When Tools and Techniques Are Not Enough
Some productivity problems are technical. If you scan lots of letter and receipts but experience friction in your document-scanning app, you can easily find a better one. Technical problem, technical solution. Unfortunately, most of the biggest productivity problems are emotional problems and don’t have quick technical solutions.
It’s not that tools and techniques are useless when it comes to emotional problems. They can ameliorate the situation. They’re just not enough. If you feel stressed and overwhelmed, you can learn how to properly use a to-do app like Things 3 to feel more in control. But that only goes so far: it doesn’t address the cause of your deep emotional challenges.
For instance, do you routinely feel guilty about not accomplishing certain tasks even though you had intended to work on them? People tell me all the time that they face this problem. There is surely some selection bias going on—people who feel guilty are more likely to watch my videos or enroll in my courses—but it is obvious that productivity guilt affects many people.
Again, I can recommend a few techniques. If you often feel guilty, review what you did accomplish recently, create a shorter to-do lists for each day, and work on your most important tasks first. But let’s go beyond those basic techniques. What causes you to experience guilt? What triggers that feeling and the associated negative thoughts?
Spend some time introspecting. Journal about your guilty thoughts and feelings. Meditate. Talk it over with a friend. Perhaps you’ll notice thoughts like:
“I get paid so much, yet I barely work three hours a day.”
“It’s really important to me that I reply to existing clients quickly, but doing that means I only have a bit of time each day for business development.”
“Months ago, I told my friends I’d get the first draft of my website out there, but I haven’t even started working on it.”
When you pay attention and notice thoughts like these floating around, you get actionable insights.
You might need to work on your mindset, focusing on the value you deliver to your employer rather than on the hours you put in. You might need to delegate some of your client response work so you can maintain your response time standard while freeing up your own time to grow your business. And you might realize that you should not promise that you’ll complete something soon if you haven’t started it yet.

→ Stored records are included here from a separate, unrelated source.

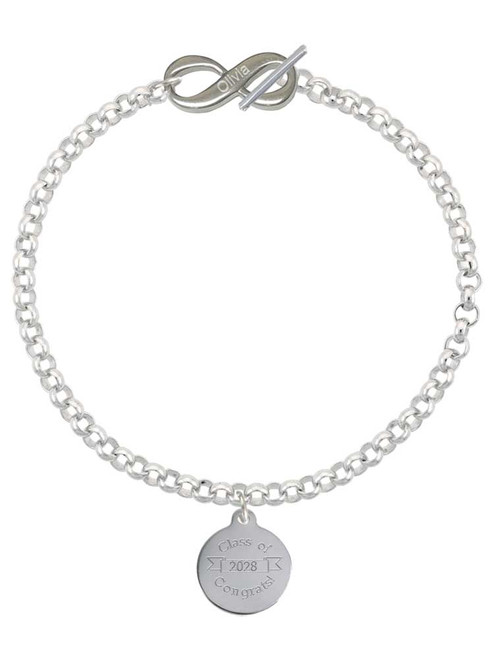 Stainless Steel Disc Class of 2028 - Custom Engraved Infinity Toggle Bracelet: Personalized Jewelry Gift - Names, Initials, Dates, Bible Verses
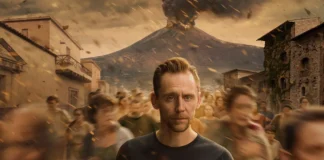 Tom Hiddleston nel poster della serie Pompei: Fuori dal Tempo con Tom Hiddleston.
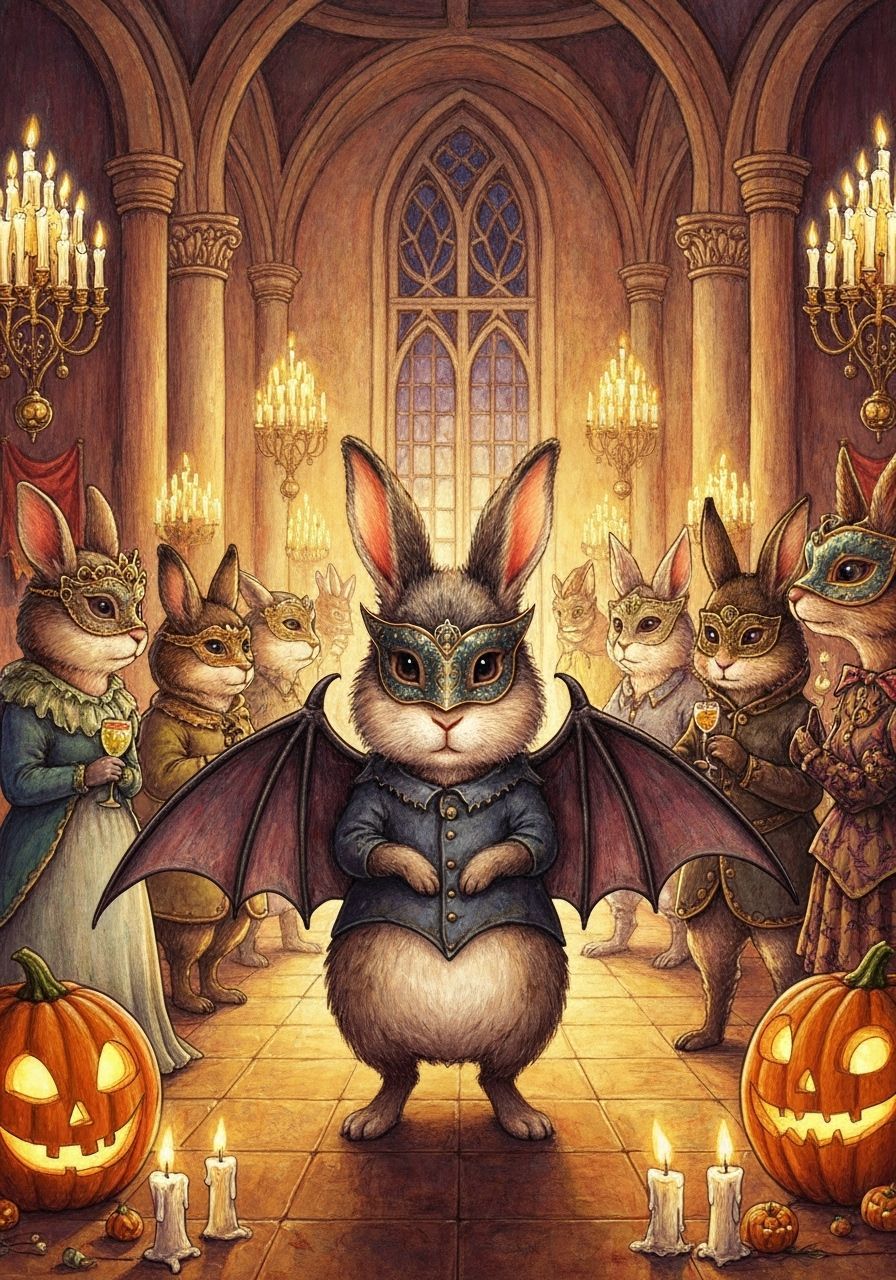 Whimsical Halloween Masquerade Ball with Costumed Animals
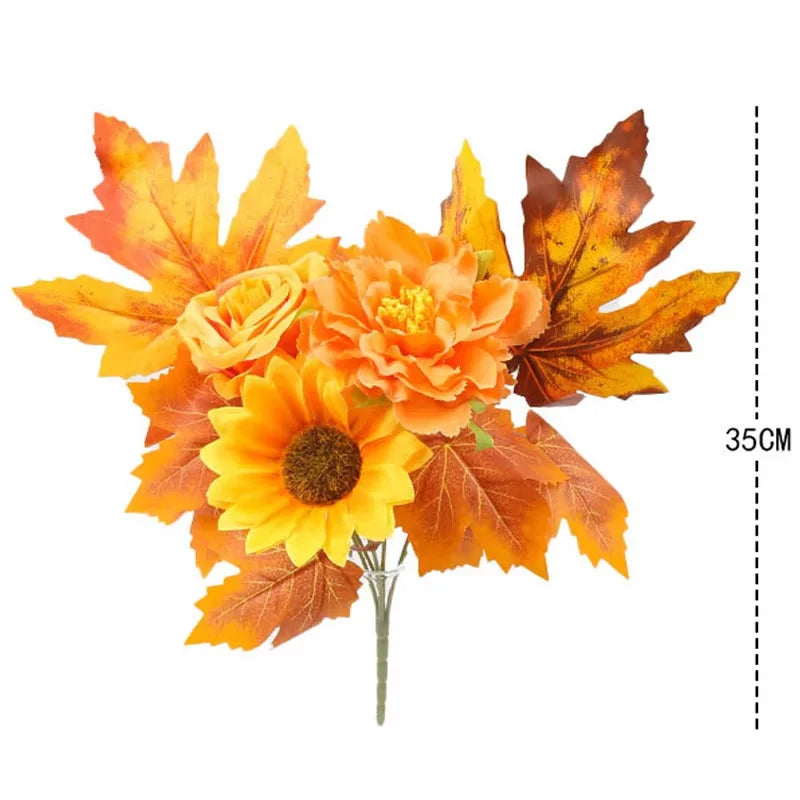 35cm Autumn Artificial Maple Leaves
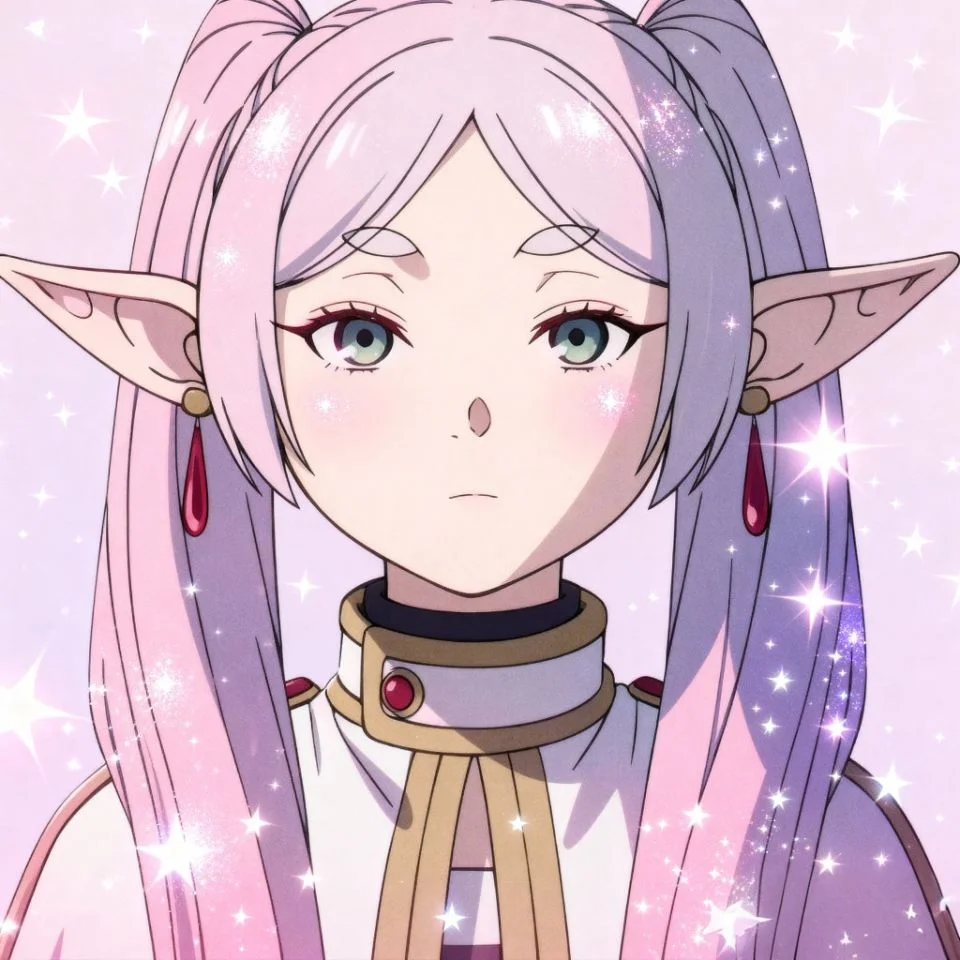 Frieren close-up with starry overlay and soft pink tones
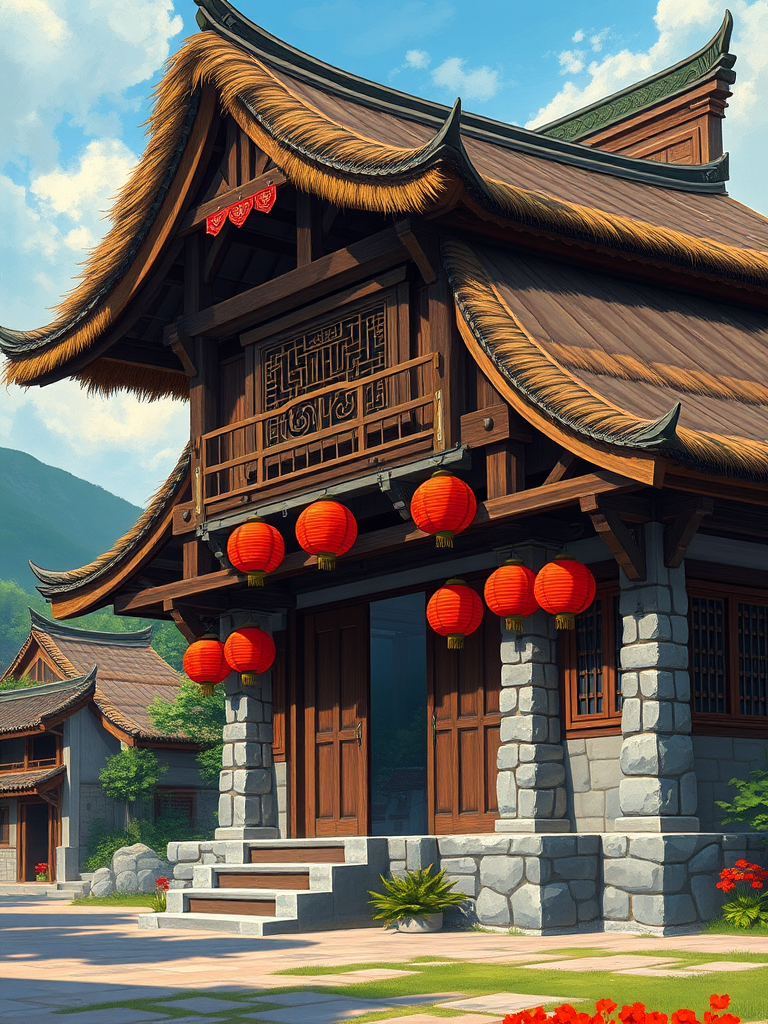 Create a highly detailed illustration of a traditional Asian-style house with a thatched roof, wooden beams, and stone accents, featuring red lanterns, set against a vibrant landscape, captured with a Canon EOS 5D Mark IV at f/8, ISO 100, 50mm lens, in a wide-angle view, using a digital painting style.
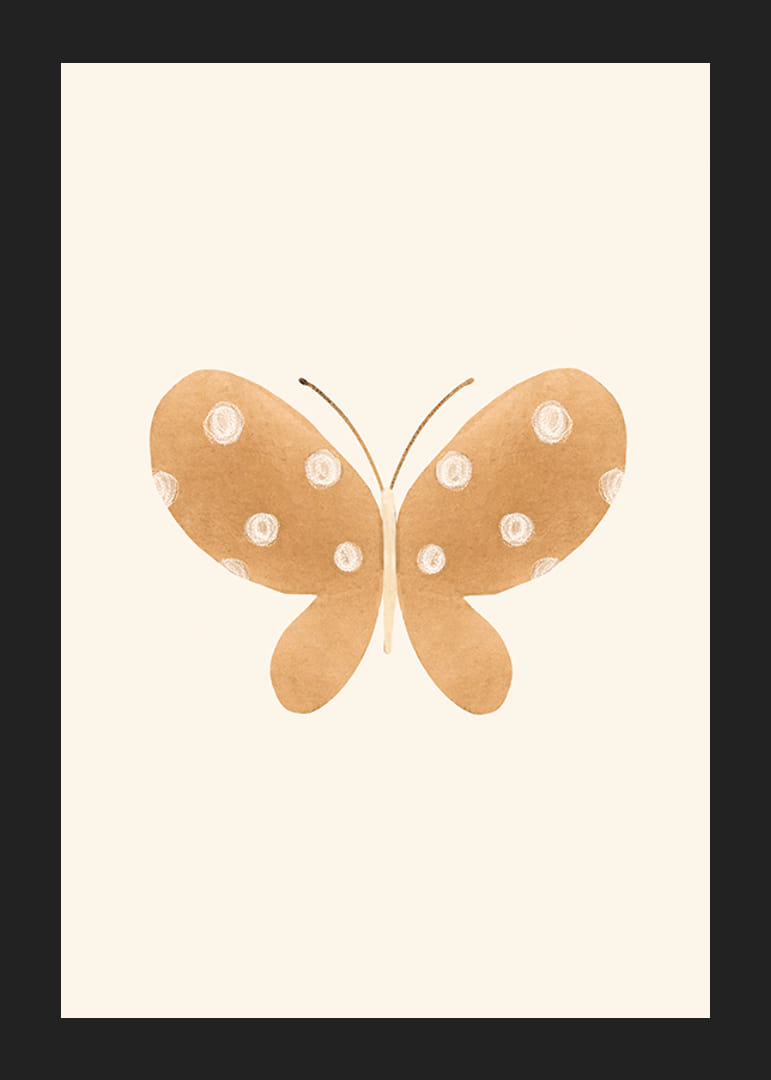Borboleta marrom ilustrada com pontos brancos em fundo claro-12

In each case, examining your emotions is an important part of feeling better.
What’s your biggest emotional productivity problem right now? Do you feel guilty, overwhelmed, or inadequate? Do you feel like an impostor or a fraud? Do you feel angry because you’re not as sharp as you want to be? Reflect on this problem and on your feelings. Pay attention to your thoughts and write them down. See what that teaches you. In particular, consider both which tools and techniques might help and what emotional growth you need to do.